◆ **EXERCISE DIRECTIONS**: In the data below, one line contains "Ex MLA’s charges on signal project baseless and political Ex" and a later one contains "Amandio's Old Ruby Port". Print both, with every line between them, exactly and alone.

Items from a data source
■ ■ ■

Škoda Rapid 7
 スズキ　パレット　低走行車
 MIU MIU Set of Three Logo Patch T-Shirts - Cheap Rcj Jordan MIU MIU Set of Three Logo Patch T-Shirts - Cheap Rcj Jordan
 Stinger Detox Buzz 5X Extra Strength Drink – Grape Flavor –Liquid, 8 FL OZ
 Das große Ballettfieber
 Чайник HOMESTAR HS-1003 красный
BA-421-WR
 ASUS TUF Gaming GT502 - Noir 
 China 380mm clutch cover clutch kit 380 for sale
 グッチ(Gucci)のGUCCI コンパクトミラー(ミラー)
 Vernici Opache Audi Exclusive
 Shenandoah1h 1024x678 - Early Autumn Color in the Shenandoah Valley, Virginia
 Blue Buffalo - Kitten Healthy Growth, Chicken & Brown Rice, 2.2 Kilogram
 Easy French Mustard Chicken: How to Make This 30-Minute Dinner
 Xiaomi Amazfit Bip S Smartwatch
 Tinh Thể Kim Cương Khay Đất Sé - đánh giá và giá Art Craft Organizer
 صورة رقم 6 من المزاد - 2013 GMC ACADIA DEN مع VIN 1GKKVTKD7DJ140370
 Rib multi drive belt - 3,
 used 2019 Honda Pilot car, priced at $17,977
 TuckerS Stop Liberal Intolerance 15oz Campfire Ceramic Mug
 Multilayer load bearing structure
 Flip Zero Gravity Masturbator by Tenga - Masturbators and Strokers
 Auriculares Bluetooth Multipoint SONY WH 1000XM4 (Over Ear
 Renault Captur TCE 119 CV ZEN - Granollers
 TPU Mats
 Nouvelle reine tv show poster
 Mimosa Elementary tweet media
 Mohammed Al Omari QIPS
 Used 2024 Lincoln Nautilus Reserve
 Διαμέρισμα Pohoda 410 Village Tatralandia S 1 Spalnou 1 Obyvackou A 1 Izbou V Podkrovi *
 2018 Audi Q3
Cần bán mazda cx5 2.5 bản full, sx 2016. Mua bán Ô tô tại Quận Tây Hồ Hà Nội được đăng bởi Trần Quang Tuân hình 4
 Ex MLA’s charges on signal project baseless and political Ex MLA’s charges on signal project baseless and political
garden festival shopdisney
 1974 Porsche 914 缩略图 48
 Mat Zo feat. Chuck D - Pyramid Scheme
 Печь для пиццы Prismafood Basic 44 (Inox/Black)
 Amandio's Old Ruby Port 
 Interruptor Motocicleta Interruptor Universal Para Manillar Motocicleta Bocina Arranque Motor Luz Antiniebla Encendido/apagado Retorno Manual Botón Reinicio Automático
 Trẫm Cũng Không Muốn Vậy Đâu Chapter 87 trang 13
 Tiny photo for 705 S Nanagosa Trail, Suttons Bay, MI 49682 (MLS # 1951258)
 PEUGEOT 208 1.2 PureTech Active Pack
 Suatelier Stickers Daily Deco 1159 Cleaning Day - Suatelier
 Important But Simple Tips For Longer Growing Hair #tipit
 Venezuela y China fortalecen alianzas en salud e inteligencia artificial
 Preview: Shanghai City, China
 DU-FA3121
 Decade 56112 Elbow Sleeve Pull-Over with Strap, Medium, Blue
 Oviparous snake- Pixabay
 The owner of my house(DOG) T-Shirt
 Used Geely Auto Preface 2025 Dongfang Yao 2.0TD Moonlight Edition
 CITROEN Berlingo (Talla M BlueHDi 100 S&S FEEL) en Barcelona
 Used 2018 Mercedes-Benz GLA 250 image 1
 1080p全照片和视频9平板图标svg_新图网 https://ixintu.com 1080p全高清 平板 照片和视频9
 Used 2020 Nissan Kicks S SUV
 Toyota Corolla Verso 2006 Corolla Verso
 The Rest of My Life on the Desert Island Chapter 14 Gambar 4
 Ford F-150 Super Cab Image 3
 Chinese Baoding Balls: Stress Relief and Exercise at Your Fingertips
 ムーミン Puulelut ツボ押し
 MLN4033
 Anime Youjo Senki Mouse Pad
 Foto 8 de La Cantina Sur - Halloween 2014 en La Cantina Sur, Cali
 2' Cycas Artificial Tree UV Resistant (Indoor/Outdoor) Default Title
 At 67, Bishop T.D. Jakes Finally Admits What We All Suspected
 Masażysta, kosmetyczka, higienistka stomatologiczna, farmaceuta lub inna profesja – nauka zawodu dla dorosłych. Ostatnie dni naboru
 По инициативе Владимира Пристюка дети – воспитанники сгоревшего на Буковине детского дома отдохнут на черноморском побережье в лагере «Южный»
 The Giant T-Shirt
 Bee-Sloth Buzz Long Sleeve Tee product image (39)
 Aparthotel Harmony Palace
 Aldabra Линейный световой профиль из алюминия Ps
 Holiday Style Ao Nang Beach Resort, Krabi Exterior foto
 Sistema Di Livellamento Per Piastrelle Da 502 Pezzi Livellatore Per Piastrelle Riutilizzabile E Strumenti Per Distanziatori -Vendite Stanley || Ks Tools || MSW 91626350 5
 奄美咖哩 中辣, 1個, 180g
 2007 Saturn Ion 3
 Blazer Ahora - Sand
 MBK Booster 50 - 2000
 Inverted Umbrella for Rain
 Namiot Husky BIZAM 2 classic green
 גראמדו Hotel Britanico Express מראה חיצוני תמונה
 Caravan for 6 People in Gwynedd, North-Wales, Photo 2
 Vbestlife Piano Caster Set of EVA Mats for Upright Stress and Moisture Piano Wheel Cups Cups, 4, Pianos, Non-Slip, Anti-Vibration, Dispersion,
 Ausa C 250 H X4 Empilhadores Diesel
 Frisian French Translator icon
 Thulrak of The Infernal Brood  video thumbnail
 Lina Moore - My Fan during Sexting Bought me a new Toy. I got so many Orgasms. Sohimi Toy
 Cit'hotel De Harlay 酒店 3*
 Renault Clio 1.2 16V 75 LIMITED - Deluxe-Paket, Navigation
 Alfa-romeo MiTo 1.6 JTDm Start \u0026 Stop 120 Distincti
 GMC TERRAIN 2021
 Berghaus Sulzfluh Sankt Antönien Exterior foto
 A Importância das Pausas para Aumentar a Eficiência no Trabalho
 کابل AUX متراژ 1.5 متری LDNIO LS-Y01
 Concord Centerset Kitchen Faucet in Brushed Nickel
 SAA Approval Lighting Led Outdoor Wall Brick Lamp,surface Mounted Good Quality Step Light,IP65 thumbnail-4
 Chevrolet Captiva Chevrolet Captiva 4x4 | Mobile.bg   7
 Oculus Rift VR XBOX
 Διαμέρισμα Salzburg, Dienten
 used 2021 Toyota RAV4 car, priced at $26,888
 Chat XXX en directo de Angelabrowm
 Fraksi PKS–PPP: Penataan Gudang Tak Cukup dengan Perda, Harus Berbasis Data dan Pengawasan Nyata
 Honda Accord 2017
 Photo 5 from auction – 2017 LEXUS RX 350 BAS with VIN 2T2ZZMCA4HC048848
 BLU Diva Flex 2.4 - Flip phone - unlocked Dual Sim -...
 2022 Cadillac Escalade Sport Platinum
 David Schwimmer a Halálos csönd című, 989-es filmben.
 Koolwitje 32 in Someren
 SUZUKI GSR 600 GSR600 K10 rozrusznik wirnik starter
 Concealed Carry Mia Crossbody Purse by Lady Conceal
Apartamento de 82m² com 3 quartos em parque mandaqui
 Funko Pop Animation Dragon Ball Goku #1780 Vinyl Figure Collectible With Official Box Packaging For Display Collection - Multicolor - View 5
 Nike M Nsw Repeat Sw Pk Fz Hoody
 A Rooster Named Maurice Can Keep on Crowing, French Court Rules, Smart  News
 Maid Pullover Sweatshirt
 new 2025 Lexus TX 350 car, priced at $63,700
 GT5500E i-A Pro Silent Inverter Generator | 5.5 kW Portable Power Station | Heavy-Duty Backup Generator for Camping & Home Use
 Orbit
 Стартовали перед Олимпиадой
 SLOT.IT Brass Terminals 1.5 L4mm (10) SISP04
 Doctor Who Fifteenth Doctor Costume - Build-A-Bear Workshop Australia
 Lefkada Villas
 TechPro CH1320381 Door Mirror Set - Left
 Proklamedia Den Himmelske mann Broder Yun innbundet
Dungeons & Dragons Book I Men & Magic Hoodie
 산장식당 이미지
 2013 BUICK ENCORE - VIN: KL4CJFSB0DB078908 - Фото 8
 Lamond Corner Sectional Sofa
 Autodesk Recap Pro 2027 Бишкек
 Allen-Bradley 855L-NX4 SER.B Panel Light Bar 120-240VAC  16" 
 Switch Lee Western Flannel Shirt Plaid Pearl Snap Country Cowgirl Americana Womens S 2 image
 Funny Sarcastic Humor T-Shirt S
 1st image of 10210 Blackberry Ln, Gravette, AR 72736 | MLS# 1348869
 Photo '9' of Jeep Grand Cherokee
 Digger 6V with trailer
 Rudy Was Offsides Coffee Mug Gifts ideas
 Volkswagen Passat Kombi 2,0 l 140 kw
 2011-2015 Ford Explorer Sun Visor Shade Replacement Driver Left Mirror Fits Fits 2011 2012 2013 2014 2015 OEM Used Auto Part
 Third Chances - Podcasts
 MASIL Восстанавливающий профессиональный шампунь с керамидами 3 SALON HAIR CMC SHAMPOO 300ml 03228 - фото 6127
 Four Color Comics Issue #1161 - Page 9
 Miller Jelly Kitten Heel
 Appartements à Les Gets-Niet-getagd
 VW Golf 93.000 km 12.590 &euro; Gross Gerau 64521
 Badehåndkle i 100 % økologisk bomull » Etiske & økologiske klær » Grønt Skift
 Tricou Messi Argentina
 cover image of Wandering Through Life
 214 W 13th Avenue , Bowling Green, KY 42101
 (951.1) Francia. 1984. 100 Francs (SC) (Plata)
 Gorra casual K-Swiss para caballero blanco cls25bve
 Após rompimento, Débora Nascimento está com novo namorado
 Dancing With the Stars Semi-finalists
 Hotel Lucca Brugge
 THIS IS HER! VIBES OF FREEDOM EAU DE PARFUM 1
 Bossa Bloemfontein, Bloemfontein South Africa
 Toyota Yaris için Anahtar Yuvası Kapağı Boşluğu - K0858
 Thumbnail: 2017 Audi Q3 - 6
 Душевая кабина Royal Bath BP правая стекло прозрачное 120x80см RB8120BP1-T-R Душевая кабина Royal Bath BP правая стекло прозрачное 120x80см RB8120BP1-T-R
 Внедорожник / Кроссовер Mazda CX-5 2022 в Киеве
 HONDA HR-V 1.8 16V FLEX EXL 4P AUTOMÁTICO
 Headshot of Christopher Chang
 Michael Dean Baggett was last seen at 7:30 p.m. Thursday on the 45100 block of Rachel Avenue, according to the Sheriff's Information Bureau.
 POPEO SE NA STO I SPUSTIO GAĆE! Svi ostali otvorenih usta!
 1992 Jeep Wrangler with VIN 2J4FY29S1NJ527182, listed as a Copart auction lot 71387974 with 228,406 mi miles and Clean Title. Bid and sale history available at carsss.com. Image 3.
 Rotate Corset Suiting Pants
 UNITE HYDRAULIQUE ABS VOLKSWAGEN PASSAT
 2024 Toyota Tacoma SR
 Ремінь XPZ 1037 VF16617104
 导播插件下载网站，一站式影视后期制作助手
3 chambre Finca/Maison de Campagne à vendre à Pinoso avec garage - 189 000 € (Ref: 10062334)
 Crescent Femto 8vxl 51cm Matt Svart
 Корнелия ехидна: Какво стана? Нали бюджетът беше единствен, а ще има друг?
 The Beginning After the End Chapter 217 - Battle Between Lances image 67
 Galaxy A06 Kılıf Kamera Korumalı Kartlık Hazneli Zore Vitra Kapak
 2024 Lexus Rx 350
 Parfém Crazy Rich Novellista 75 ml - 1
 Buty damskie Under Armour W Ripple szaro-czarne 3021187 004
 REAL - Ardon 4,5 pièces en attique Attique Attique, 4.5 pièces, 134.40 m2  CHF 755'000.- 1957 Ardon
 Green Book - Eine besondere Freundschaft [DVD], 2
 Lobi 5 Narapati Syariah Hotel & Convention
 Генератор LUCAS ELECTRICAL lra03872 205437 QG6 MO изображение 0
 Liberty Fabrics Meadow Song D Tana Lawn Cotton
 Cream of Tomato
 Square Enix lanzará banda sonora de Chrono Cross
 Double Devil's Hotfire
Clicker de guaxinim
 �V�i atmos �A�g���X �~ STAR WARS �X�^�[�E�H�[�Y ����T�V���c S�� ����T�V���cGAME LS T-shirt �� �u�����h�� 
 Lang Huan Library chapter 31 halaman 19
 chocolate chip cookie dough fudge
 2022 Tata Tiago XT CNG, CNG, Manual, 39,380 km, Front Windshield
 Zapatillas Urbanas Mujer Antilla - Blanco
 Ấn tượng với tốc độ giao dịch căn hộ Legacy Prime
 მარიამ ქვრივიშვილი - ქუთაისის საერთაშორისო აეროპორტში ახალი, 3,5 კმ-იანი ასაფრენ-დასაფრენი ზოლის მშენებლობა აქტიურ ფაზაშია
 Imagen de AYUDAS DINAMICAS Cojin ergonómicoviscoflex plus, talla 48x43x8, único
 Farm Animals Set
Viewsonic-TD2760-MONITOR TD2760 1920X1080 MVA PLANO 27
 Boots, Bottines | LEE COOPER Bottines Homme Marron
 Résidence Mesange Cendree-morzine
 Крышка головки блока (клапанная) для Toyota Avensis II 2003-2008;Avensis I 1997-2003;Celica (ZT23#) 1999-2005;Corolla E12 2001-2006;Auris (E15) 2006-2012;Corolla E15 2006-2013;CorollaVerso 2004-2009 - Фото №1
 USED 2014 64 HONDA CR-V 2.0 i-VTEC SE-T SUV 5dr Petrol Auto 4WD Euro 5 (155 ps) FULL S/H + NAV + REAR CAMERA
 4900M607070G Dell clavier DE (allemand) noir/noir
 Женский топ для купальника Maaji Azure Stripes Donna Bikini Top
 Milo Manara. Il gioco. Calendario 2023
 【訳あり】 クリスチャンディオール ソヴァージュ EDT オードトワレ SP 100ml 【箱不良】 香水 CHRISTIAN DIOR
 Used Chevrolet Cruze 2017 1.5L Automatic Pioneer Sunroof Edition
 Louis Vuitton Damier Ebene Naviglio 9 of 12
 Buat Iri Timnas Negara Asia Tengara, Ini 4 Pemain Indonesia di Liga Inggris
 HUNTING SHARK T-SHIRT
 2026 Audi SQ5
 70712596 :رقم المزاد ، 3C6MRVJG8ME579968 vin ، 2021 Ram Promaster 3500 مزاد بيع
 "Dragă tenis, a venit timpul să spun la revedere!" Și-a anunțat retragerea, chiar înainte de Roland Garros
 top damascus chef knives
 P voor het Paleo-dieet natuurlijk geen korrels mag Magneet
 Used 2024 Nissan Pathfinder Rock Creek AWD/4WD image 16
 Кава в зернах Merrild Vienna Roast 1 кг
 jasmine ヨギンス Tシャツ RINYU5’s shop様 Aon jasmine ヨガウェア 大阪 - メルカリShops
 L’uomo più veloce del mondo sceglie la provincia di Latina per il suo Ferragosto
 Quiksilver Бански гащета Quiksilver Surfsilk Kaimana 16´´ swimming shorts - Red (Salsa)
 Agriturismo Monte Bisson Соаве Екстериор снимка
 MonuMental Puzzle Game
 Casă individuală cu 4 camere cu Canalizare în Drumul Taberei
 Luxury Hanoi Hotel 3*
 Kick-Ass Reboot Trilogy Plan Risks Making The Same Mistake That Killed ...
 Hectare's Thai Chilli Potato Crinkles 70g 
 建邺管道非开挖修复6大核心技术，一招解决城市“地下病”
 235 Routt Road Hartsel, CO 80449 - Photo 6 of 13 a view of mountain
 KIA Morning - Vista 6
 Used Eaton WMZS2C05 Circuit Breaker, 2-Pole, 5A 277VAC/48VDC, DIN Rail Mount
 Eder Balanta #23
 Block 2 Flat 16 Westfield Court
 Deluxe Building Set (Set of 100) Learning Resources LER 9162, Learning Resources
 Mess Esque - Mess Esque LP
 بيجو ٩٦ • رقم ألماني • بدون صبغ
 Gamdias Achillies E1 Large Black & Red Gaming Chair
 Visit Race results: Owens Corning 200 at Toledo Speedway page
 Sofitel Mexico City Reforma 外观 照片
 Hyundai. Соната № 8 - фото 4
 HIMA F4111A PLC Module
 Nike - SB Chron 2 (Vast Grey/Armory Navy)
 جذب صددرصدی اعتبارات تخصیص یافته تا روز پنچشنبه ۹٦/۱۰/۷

■ ■ ■

◆ **RESULT OF THE TASK**:
 Ex MLA’s charges on signal project baseless and political Ex MLA’s charges on signal project baseless and political
garden festival shopdisney
 1974 Porsche 914 缩略图 48
 Mat Zo feat. Chuck D - Pyramid Scheme
 Печь для пиццы Prismafood Basic 44 (Inox/Black)
 Amandio's Old Ruby Port 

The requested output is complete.